Top of Excerpted records

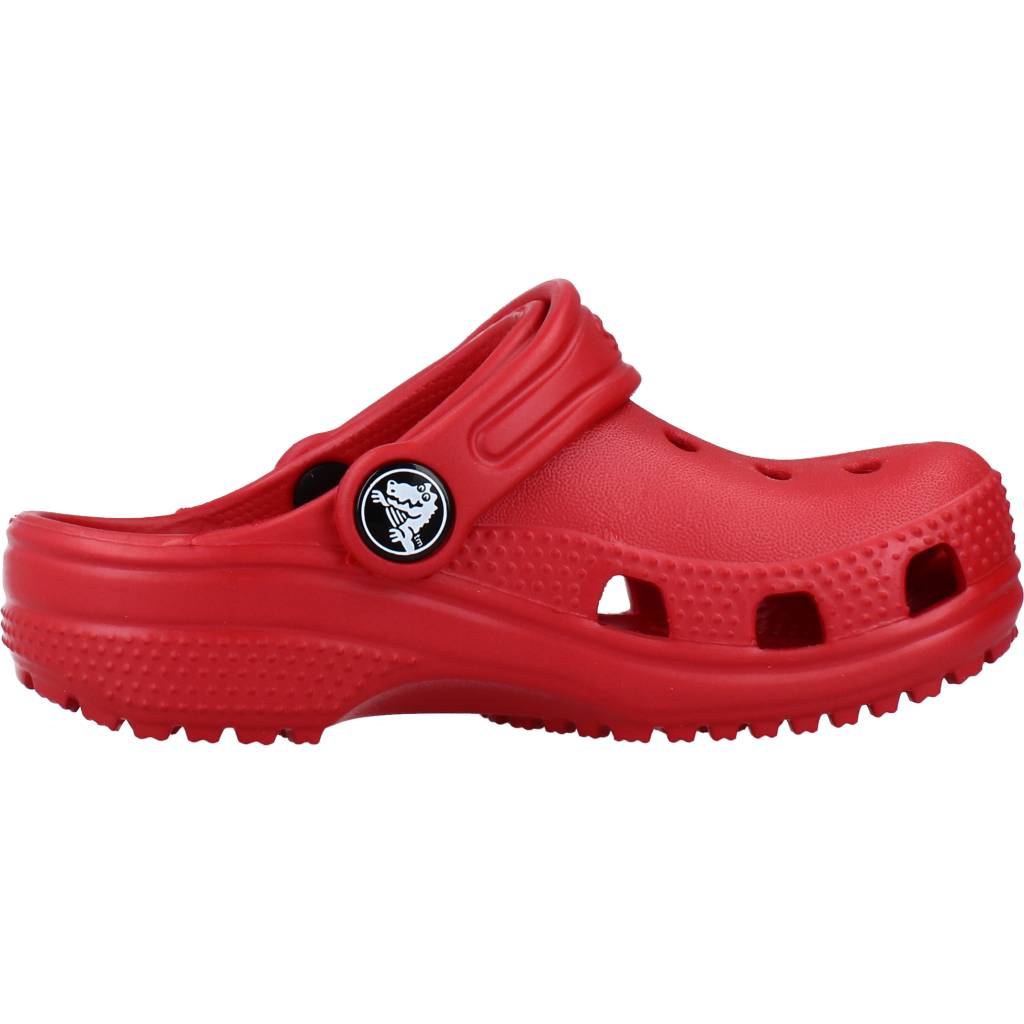 CROCS CLASSIC CLOG T en color ROJO  (4)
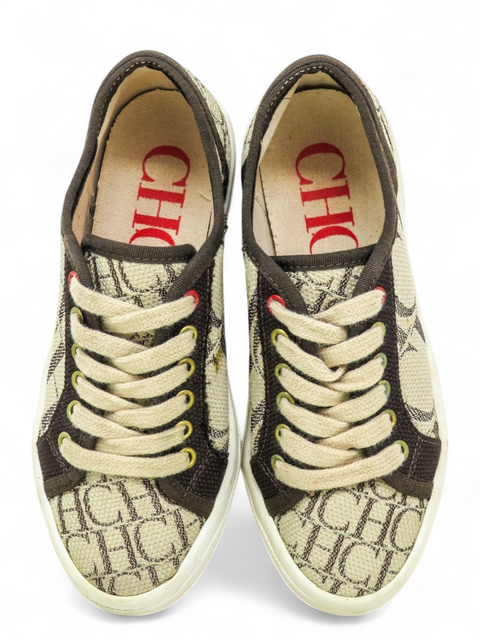 Tenis Beige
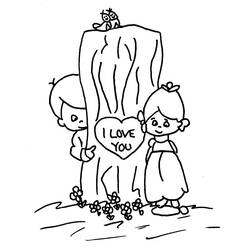 Love (Others) coloring page #194121 to print and color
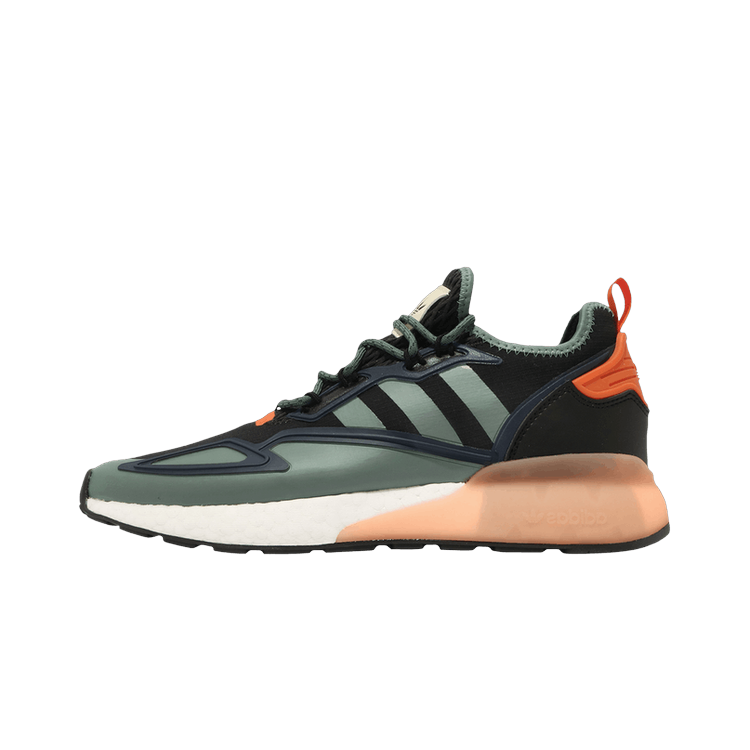 Adidas ZX 2K Boost Black Tech Emerald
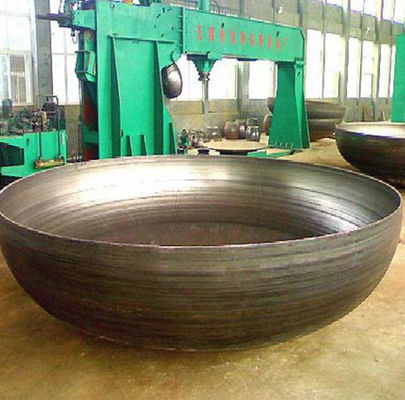 圧迫容器用 炭素鋼 円筒印章型 プレッシャー頭 200mm 直径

Bottom of Excerpted records

= What to produce =
The job is to copy all the records precisely while omitting any picture.

= Problem solution =
 CROCS CLASSIC CLOG T en color ROJO  (4)
 Tenis Beige
 Love (Others) coloring page #194121 to print and color
 Adidas ZX 2K Boost Black Tech Emerald
 圧迫容器用 炭素鋼 円筒印章型 プレッシャー頭 200mm 直径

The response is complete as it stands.